Khoirul berharap, dengan percobaannya  itu, badan burung tersebut bisa awet dan mengeras. Dengan semangat, ia  pun melumuri seluruh tubuh burung tersebut dengan balsam gosok.  Sayangnya, hari demi hari berjalan, kata anak petani ini, “Teknologi  balsam itu tidak pernah berhasil.” Penelitian yang gagal total itu  rupanya meletikkan gairah meneliti yang luar biasa pada Khoirul.

Itulah  yang mengantarkan alumnus Jurusan Teknik Elektro Institut Teknologi  Bandung tersebut kini menjadi asisten profesor di JAIST, Jepang.

Dr Warsito P. Taruno:



Dr  Warsito P. Taruno : AKU PULANG, AKU BERJUANG, AKU MENANG ==> Dr  Warsito P. Taruno, pendiri dan pemilik Edwar Technology. Belasan tahun  belajar di luar negeri. Tanpa bantuan pemerintah, penelitian mereka  berhasil di Tanah Air.

Robot itu bernama Sona CT x001. robot yang  dibekali dua lengan itu sedang memindai tabung gas sepanjang 2 meter.
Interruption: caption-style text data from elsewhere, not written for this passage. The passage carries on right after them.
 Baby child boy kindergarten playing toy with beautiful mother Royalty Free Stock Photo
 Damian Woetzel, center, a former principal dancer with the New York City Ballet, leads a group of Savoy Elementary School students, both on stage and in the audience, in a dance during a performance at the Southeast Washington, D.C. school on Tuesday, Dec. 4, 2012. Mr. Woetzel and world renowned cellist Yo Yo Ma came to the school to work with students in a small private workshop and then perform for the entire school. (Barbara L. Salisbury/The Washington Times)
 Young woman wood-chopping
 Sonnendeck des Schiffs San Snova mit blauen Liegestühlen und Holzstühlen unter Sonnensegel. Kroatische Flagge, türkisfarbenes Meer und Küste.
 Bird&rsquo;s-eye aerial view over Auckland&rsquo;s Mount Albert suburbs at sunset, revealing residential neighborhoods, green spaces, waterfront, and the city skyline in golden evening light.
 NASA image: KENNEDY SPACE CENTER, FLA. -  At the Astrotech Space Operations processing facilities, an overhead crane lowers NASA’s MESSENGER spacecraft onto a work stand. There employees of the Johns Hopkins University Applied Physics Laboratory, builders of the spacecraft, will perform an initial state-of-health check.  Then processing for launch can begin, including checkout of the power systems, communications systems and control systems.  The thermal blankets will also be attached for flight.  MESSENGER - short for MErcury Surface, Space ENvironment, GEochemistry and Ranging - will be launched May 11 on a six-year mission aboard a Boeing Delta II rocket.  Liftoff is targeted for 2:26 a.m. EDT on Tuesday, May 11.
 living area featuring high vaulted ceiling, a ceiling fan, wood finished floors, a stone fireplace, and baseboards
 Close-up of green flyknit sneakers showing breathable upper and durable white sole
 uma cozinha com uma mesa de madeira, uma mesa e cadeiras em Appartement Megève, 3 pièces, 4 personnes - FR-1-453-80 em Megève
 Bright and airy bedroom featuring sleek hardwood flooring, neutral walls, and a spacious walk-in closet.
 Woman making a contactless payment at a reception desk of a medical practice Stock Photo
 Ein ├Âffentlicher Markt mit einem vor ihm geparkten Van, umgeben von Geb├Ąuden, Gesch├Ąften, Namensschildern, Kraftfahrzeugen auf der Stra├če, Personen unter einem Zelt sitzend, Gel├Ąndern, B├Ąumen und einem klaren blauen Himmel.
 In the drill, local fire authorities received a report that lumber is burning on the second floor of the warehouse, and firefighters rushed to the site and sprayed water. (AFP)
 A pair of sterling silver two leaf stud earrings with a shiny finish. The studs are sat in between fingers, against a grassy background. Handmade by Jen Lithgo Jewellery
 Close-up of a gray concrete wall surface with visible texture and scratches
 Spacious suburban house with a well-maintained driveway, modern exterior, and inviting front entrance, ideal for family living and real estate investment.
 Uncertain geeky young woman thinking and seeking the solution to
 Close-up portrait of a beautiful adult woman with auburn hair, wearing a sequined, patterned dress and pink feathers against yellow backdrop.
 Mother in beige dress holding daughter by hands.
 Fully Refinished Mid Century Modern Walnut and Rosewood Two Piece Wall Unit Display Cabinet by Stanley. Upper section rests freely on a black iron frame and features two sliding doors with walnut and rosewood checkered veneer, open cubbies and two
Di  bagian atas robot, layar laptop menampilkan grafik hasil pemindaian.  Selasa dua pekan lalu itu, Sona—buatan Ctech Labs (Center for Tomography  Research Laboratory) Edwar Technology—sedang diuji coba.

Alat ini sudah  dipesan PT Citra Nusa Gemilang, pemasok tabung gas bagi bus  Transjakarta.Perusahaan migas Petronas, kata Warsito, tertarik kepada  alat buatannya. Kini mereka masih dalam tahap negosiasi harga dengan  perusahaan raksasa milik pemerintah Malaysia tersebut.

Selain Sona,  Edwar Technology mendapat pesanan dari Departemen Energi Amerika  Serikat. Nilai pesanan lumayan besar, US$ 1 juta atau sekitar Rp 10  miliar. Bahkan Badan Antariksa Amerika Serikat (NASA) pun memakai  teknologi pemindai atau Electrical Capacitance Volume Tomography (ECVT)  temuan Warsito.

ECVT adalah satu-satunya teknologi yang mampu melakukan  pemindaian dari dalam dinding ke luar dinding seperti pada pesawat  ulang-alik. Teknologi ECVT bermula dari tugas akhir Warsito ketika  menjadi mahasiswa S-1 di Fakultas Teknik Jurusan Teknik Kimia,  Universitas Shizuoka, Jepang, tahun 1991. Ketika itu pria kelahiran Solo  pada 1967 ini ingin membuat teknologi yang mampu “melihat” tembus  dinding reaktor yang terbuat dari baja atau obyek yang opaque (tak  tembus cahaya).